I heard the words Rhi Bran y Hud and knew I was close to finding what I was looking for, so… Yes, Odo, what is it?" My scribe rouses himself from his snooze and rubs his dream-dulled eyes.

"These words Riban Hood," he asks, yawning wide. "What do they mean?"

"If you would let a fella get on wi' the tellin', God knows you'd find out soon enough," I say. "But, see here now, it en't Riban Hood, as you will have it. It is Rhi Bran-that part means "King Raven." And Hud means… well, it means "Enchanter." It is what the British folk call the phantom lord of the Marchlands."

"Ree Bran a Hood," he says, dutifully writing it down. "A good name."

"Aye, a good name, that," I agree, and we rumble on. Well, I shinnied down to join those fellas on the road and see what they could tell me of this mysterious bird.

"Here now," I called, dropping lightly from the last branch onto the bank above the road. "Can you fellas spare a traveller a word or two?"

You would have thought I'd dropped down from the moon to see the look on those two faces. Two men, one big as a house and the other slighter, but muscled and tough as a hickory root. They were dressed in odd hooded cloaks with greenery and rags sewn on, and both carried sturdy longbows with a quiver of arrows at their belts. "What!" cried the big one, spinning around quicker than you'd have thought possible for so large a lump of humanity.

This one has spent a fair bit of time in the greenwood, thinks I, his knife is in his hand that quick. "I mean no harm, friend," I said. "And full sorry I am if I startled you.

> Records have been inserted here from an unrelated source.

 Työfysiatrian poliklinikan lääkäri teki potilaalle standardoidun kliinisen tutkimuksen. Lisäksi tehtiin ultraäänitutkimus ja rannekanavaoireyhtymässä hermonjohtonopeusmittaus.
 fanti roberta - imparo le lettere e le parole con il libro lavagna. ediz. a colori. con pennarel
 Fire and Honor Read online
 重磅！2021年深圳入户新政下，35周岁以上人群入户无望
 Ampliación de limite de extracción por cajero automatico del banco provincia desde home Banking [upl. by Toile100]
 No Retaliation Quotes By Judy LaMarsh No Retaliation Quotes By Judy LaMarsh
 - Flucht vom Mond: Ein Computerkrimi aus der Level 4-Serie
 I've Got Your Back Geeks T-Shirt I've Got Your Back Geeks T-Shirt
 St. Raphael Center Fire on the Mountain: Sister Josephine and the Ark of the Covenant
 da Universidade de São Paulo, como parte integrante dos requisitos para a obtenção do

I heard you talkin' and was hopin' for a little chin music, is all."

"You lurking devil," growled the slight one, thrusting forward, "we'll not be singing for you." He looked to the big one, who nodded slowly. "Not until we know more about you."

"Well, I've got time now if you do," said I. "Where would you like me to begin?"

"A name if you have one," said he. "That will do for a beginning."

"My name's William Scatlocke," I told them. "Think what you like, but there's some as tug a forelock when they hear that name." I give him a smile and a wink. "But a doff o' the hat will do nicely just now."

"I am Iwan," replied the big one, warming up a little. "This here is Siarles."

"Scatlocke's a Saxon name," observed the slight one with a frown. "But William, now that's Ffreinc." He seemed ready to spit to show me what he thought of Normans.

"Saxon and Ffreinc, aye," I agreed politely. "My mother, bless her dear, sweet, well-meaning soul, thought a Frankish William would make my life that little mite easier seeing as our land was overrun by the vermin. With a William to go before me, they might mistake me for one of their own, see, and give me an easier ride."